As it is, she inherits an estate worth tens of millions of dollars.  Now, that‘s certainly a motive to convince the police to at least look into it.  But, instead, the police took one look at this dead junkie lying on the floor, shotgun on his chest, what appeared to be a suicide note at his side.  And they labeled it an open-and-shut case of suicide, instead of looking into it. 

HALPERIN:  You see, Keith, no fingerprints were found on the gun.  Dead men don‘t like their own prints.  If you look at the so-called suicide note, the handwriting at the bottom that—it doesn‘t match the top of the note.  It really was a note to his fans that he is leaving the music business, not that he‘s quitting life. 

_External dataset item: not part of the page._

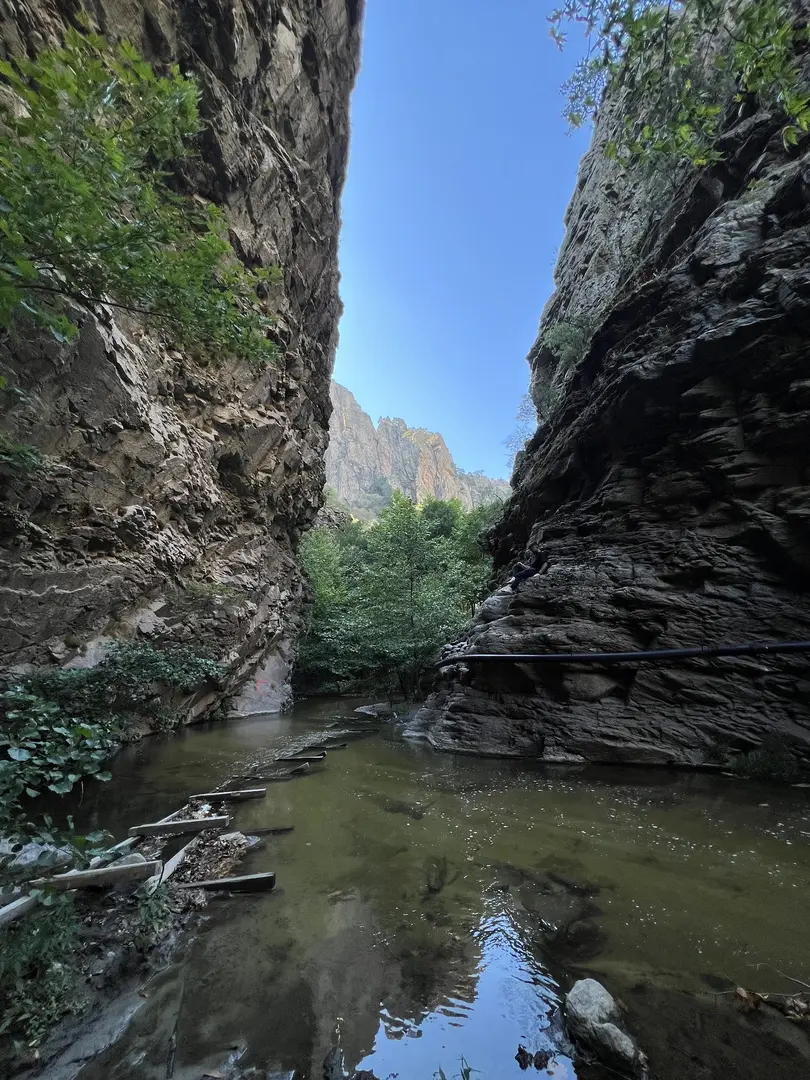 Sadağı Kanyonu Tabiat Parkı — Bursa — küçük resim 8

OLBERMANN:  We should mention here that Courtney Love denies any involvement in Kurt Cobain‘s death. 

But before we go—and we‘re about down to 90 seconds in the show—

Mr. Grant, you saw the actual scene.  He was on the floor with a shotgun.  There was drug paraphernalia.  There was a note.  What about this scene bothered you so much that you pursued it for a decade? 

TOM GRANT, PRIVATE INVESTIGATOR:  Well, I arrived at the house the morning the body was found.  I did not gain entrance to the scene at the time.  I gained entrance later and took photographs inside the scene.  I gathered information about the scene from undercover work that I did with the medical examiner‘s office and with other officers who were on the scene and came to some pretty strong suspicions right from the beginning that something was wrong. 

I did feel it was probably a suicide initially.  But because of all the inconsistencies and all the lying that had been going on, when I was first hired and all the stories that had been planted in the press by Courtney Love, I was extremely suspicious.  And I was trying to get the police to just slow down a little bit from day one and look a little bit closer. 

OLBERMANN:  Mr. Grant, forgive me, I have to cut you off.  We‘re off at the top of the hour here.

But the book is “Love and Death: The Murder of Kurt Cobain.”  Its authors, Max Wallace and Ian Halperin, my thanks to them, along with the private investigator in the case, Tom Grant. 

Thank you all, gentlemen.

(CROSSTALK) 

OLBERMANN:  That‘s COUNTDOWN.  Thanks for being part of it. 

I‘m Keith Olbermann.  Good night and good luck.